Why bother? What are the personal reasons to make mentorship something you get involved with? Just what is a role model anyway? Well, generally speaking, a role model is a "person who serves as an example, whose behaviour is emulated by others.“
While its true that mentoring may lead to future personal payoffs, we know you're not at all concerned with that. This is your chance to give back, and leave the world a better place than you found it! You can learn as much from the person you are mentoring as they can learn from you, and you should never stop learning, right? Here are a few of the other benefits you can expect from a good mentor relationship:
- Learning: By serving as a mentor, you'll learn from your apprentices.
- Leadership: You’ll build on your existing leadership and management skills, possibly even gaining some hitherto undiscovered insight into your own strengths and weaknesses in the process.
- Recognition: You’ll receive recognition from peers and superiors.
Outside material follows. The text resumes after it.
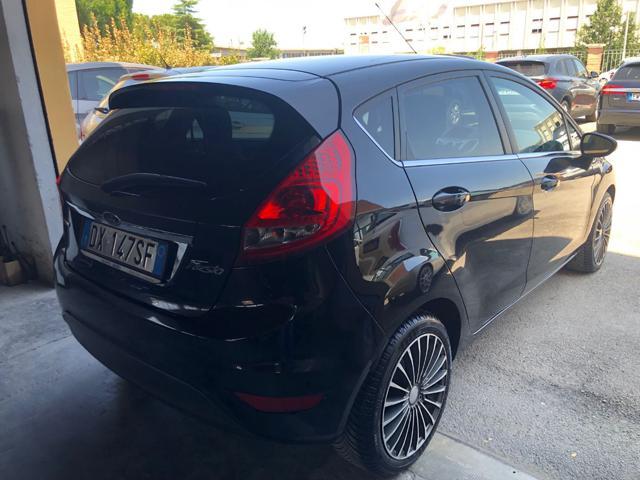 FORD Fiesta 1.4 TDCi 68CV 5 porte Titanium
They will probably be more inclined to buy you drinks at conferences, cast admiring glances in your general direction and/ or wax lyrical about you whenever your name is mentioned in conversation.
- Achievement: You'll review and validate what you know and what you've accomplished in your career to-date. This may even lead you to indulge in some retrospective back-patting.
- Satisfaction: The Stones couldn't get none, but you probably will. You can expect to feel satisfied, proud, and energized as a mentor.
- Refreshment: You’ll get a new and fresh outlook on your own job, challenges and way forward.
- Networking: You'll get the opportunity to meet new colleagues and expand your circle of networking.
- Legacy: Watch your acorns grow into mighty oak trees that will live on long after you're gone.
Why be mentored?
It can really help you get where you want to be in your career if you have the opportunity to see someone who is where you want to be (maybe Bill Gates, Rasmus, Grace Hoper). There are other benefits to being mentored as well:
- Information: Mentors can help you learn complex tools or processes, review your work, and avoid or resolve problems.
- Advice: Mentors can share insights you didn’t even know you needed. Mentors can also help you understand your hidden strengths and weaknesses.
- Sponsorship: Mentors can help you find opportunities you may not hear about yourself, or convince people to take a chance on you. Mentors can also speak up for you when people are making decisions.
- Social interaction: Regular mentoring conversations can bring social interaction back into remote work.
- Networking: Mentors can help you navigate a large organization and find just the right people who can help you. This is also how you get good jobs and references, and move up in the world.
- Accountability: Mentors can help you commit to your goals and stay motivated.
- Stretching: Mentors can challenge you to grow and call you out if you’re slacking off. This is the most personal aspect of any mentorship relationship
- Insight: No matter how hard you try you can never truly see yourself as others see you. A good mentor can give you some perspective and valuable insight into how you are actually perceived. This can be a very powerful thing indeed.
Speaking of insight...do you ever feel like a phoney programmer? Feel like you're winging it, getting by on luck? Scared you'll be found out at any moment? This is commonly known as 'imposter syndrome'. The fact is, you are as good as you think you are, and a mentor can help you to see that.
Of course, you may feel insanely confident in your abilities as a programmer and never make mistakes...mercifully unburdened by thoughts that everyone else knows at least as much or more than you. This fascinating phenomena is known as the Dunning-Kruger effect. Briefly put, The Dunning-Kruger effect is a cognitive bias in which unskilled individuals mistakenly harbour feelings of superiority and above average ability. Conversely, competent individuals may falsely assume that others have an equivalent understanding. Interesting, huh? No one person can know everything, and there's always something you can learn from others.